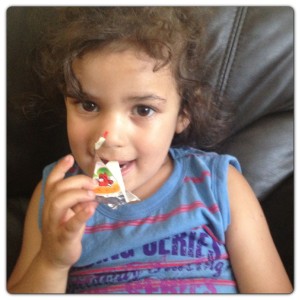 Little Man Enjoying the Laughing Cow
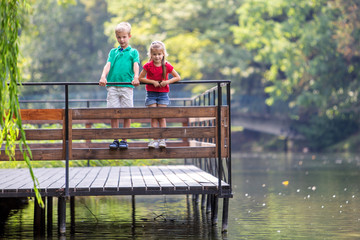 Two children boy and girl standing on wooden deck on a lake shore.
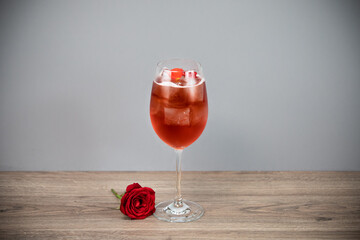 glass of rose wine with cherry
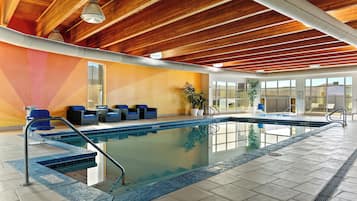 Indoor pool, open 7:00 AM to 10:00 PM, pool loungers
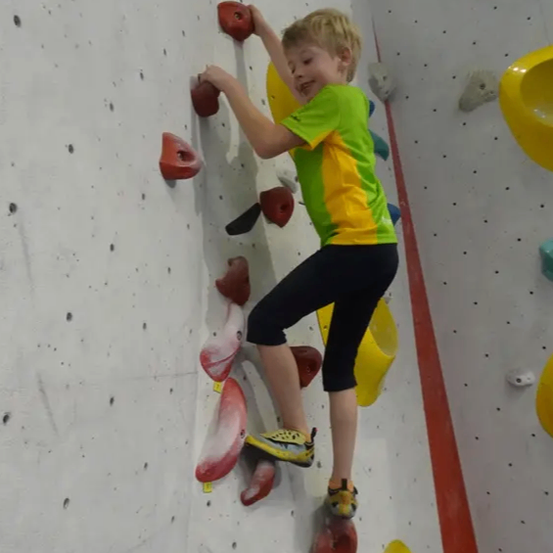 Ein junger Junge klettert an einer Wand mit verschiedenen Griffen. Er trägt ein grün-gelbes Shirt, schwarze Hose und Turnschuhe. Die Wand hat farbige Griffe.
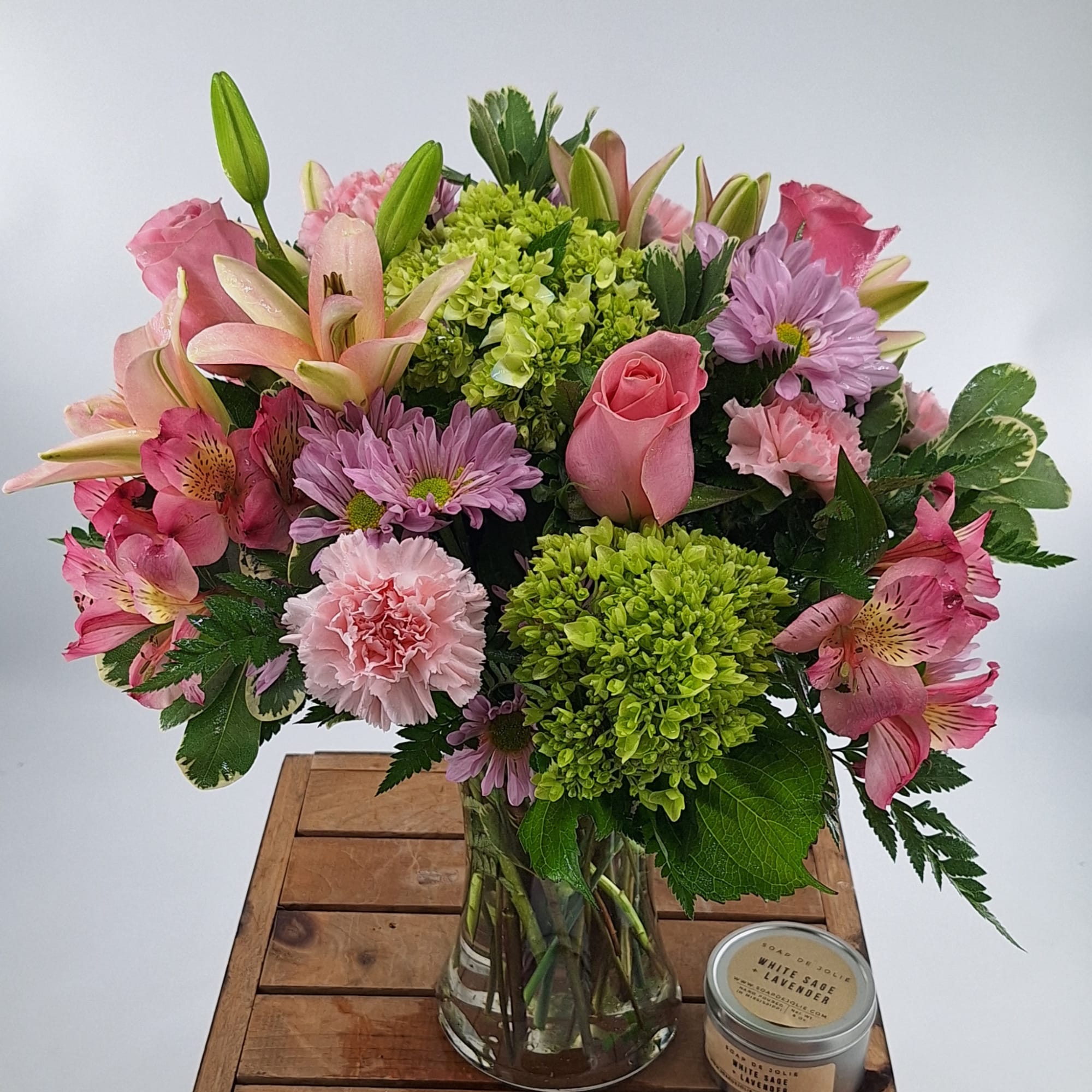 Introducing our Beautiful Butterfly flower arrangement, a charming display of pink lilies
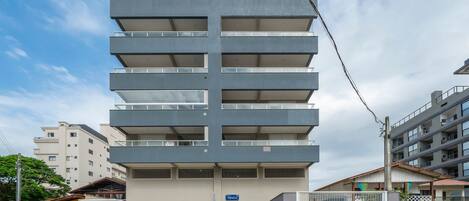 A multi-story building with a modern design, featuring balconies on each floor.
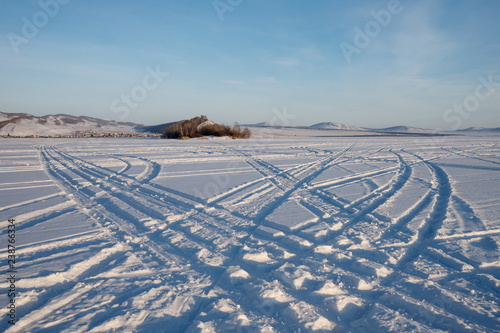 Car tracks go across the frozen Great Lake to the island against the backdrop of the village of Parnaya, Krasnoyarsk Territory. Russia. photo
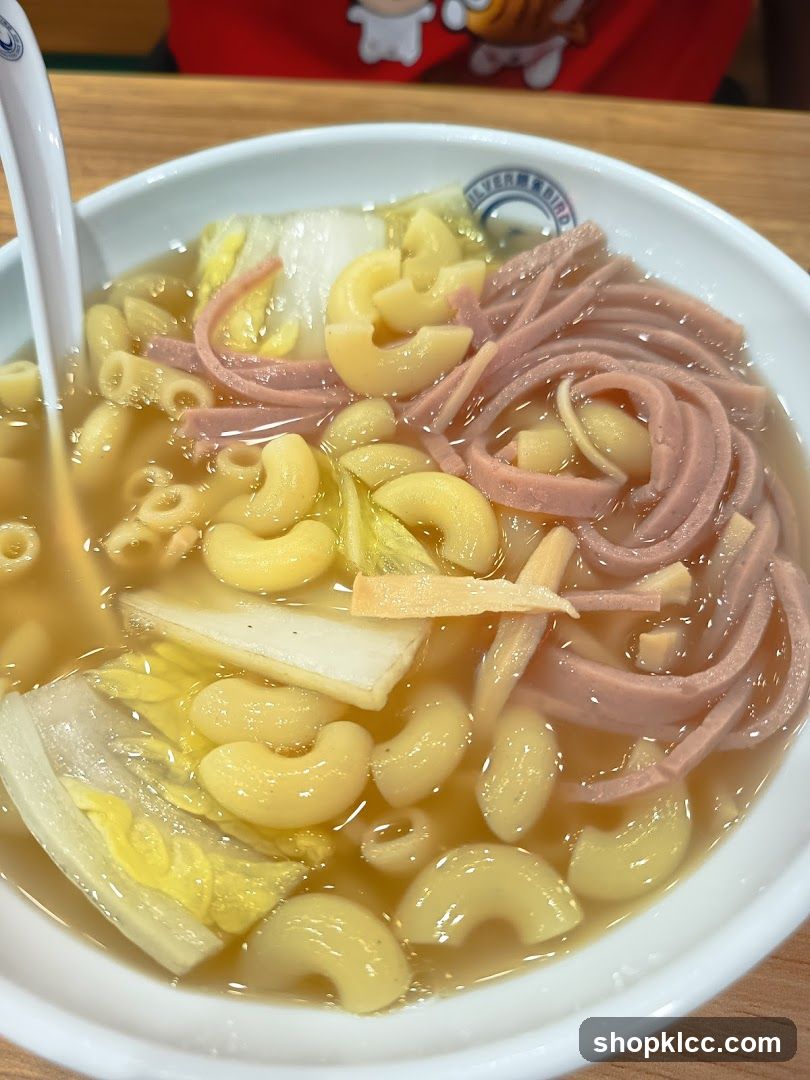 Bowl of noodles with pasta and ham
========
[Task statement] All lines from the one containing "glass of rose wine with cherry" through the end of the entries above must be given again exactly, with every picture omitted.

[Reply]
 glass of rose wine with cherry
 Indoor pool, open 7:00 AM to 10:00 PM, pool loungers
 Ein junger Junge klettert an einer Wand mit verschiedenen Griffen. Er trägt ein grün-gelbes Shirt, schwarze Hose und Turnschuhe. Die Wand hat farbige Griffe.
 Introducing our Beautiful Butterfly flower arrangement, a charming display of pink lilies
 A multi-story building with a modern design, featuring balconies on each floor.
 Car tracks go across the frozen Great Lake to the island against the backdrop of the village of Parnaya, Krasnoyarsk Territory. Russia. photo
 Bowl of noodles with pasta and ham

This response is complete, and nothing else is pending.